Juan de la Cierva (1931)
4.1 Introduction
The interdependent coupling of the aerodynamic forces produced on the rotor blades and the resulting blade motion is the key to understanding the behavior of the blade response and in developing a means of giving the pilot positive control over the rotor system. A distinctive feature of helicopter rotors is that articulation in the form of flapping and lead-lag hinges is incorporated at the root of each blade. These may be mechanical hinges, or modem rotor hub designs may use semi-rigid or hingeless flexures that allow motion about a “virtual” hinge location. In either case, the hinges allow each blade to independently flap and lead or lag with respect to the hub plane under the action of varying aerodynamic lift and drag loads (Fig. 4.1). The idea of a flapping hinge for a rotor was first patented by Bartha & Madzer (1913). However, the flapping hinge was first successfully used on an aircraft by Juan de la Cierva with his autogiros (see Chapter 12). The addition of a lead-lag hinge allows in-plane motion of the blade in response to the Coriolis accelerations and forces that are produced when the radius of gyration of the blade changes by virtue of flapping. A pitch bearing is also incorporated into the blade design to allow the blades to feather, providing an ability to change their pitch. This can be done collectively (together) on all blades, thereby changing the magnitude of the rotor thrust, or cyclically, that is, with respect to blade azimuth, thereby changing the phasing of the aerodynamic loads over the disk. The latter allows the rotor disk to tilt so as to reorient the rotor thrust vector and provide the pilot with pitch and roll control of the helicopter.

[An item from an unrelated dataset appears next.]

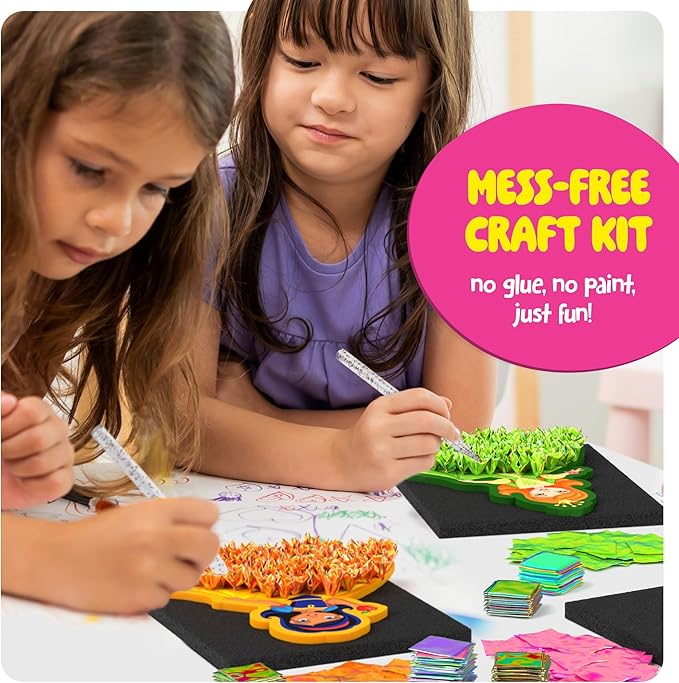 Dan&Darci Jab Jab Art Magical Princesses Kit - Gifts for 5 Year Old Girls - Arts and Crafts for Kids Ages 4-8, 4-6 - Mess-Free Craft - Birthday Gift Ideas for Girls Ages 4, 5, 6, 7, 8, 9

In hovering flight, the flow field is azimuthally axisymmetric and so each blade encounters exactly the same aerodynamic environment. The blades flap up and lag back with respect to the hub and reach a steady equilibrium position under the action of these steady (nonazimuthally varying) aerodynamic and centrifugal forces. The blades will “cone” up to form a static balance between the blade aerodynamic forces and the centrifugal forces, and the rotor disk plane takes on some orientation in inertial space. The centrifugal forces are dominant and sc the coning angles on helicopter rotors always remain relatively small (a few degrees). In addition, the aerodynamic drag forces on the blades cause them to lag back. Because the drag forces are only a fraction of the lift forces and are overpowered by the centrifugal forces, the lag angle displacements are even smaller than the coning angles.

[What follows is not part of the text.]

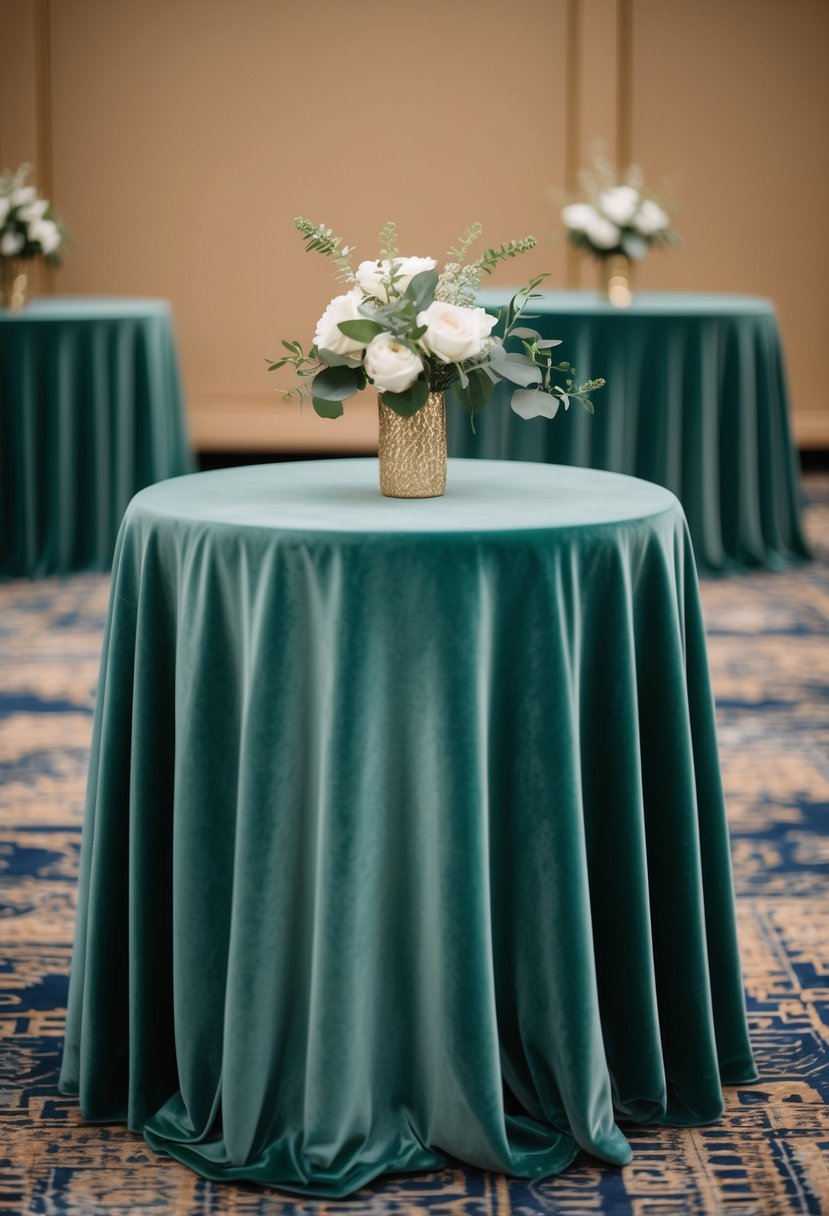 Sage green velvet tablecloths draped over tables with matching decor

As the helicopter moves into forward flight, the asymmetry of the onset flow and dynamic pressure over the disk produces aerodynamic forces that are functions of blade azimuth position (i. e., cyclically varying airloads are now produced). The flapping hinge allows each blade to freely flap up and down in a periodic manner with respect to azimuth angle
Figure 4.1 Schematic showing flapping, lead-lag and feathering motion of a rotor blade. |
under the action of these varying aerodynamic loads. The blades reach an equilibrium condition again when the local changes in angle of attack (AoA) and the aerodynamic loads produced as a result of blade flapping are sufficient to compensate for the local changes in the airloads resulting from variations in dynamic pressure. In the words of Cierva, the blades were “free to move in a sort of flapping motion wherever they liked according to the effects of the air upon them.” The rotor disk, therefore, naturally wants to takes up a new orientation in space, although this may not be the desired orientation. Positive control of the blade pitch is required to cyclically adjust the magnitude and phasing of the aerodynamic loads to bring the rotor to a desired orientation.
Some of the first theoretical studies of blade flapping and rotor response were undertaken in Great Britain by Lock (1927), Glauert (1928), and Squire (1936), motivated initially by the success of the autogiro. In the United States, Wheatly (1934), Sissingh (1939, 1941), Bailey (1941), and Wald (1943) were responsible for most of the initial work in understanding rotor blade flapping behavior in forward flight. Nikolsky (1944, 1951) gave one of the first formal treatments of the various problems in rotor dynamics and the effect on rotor performance. Bramwell (1976) and Johnson (1980) give the most thorough textbook expositions of rotating blade dynamics and rotor response. Loewy (1969), Reichert (1973), Friedmann (1977, 2004), and Chopra (1990) give good reviews of the complicated coupled dynamics and the various aeroelastic problems associated with helicopter rotors from a research perspective.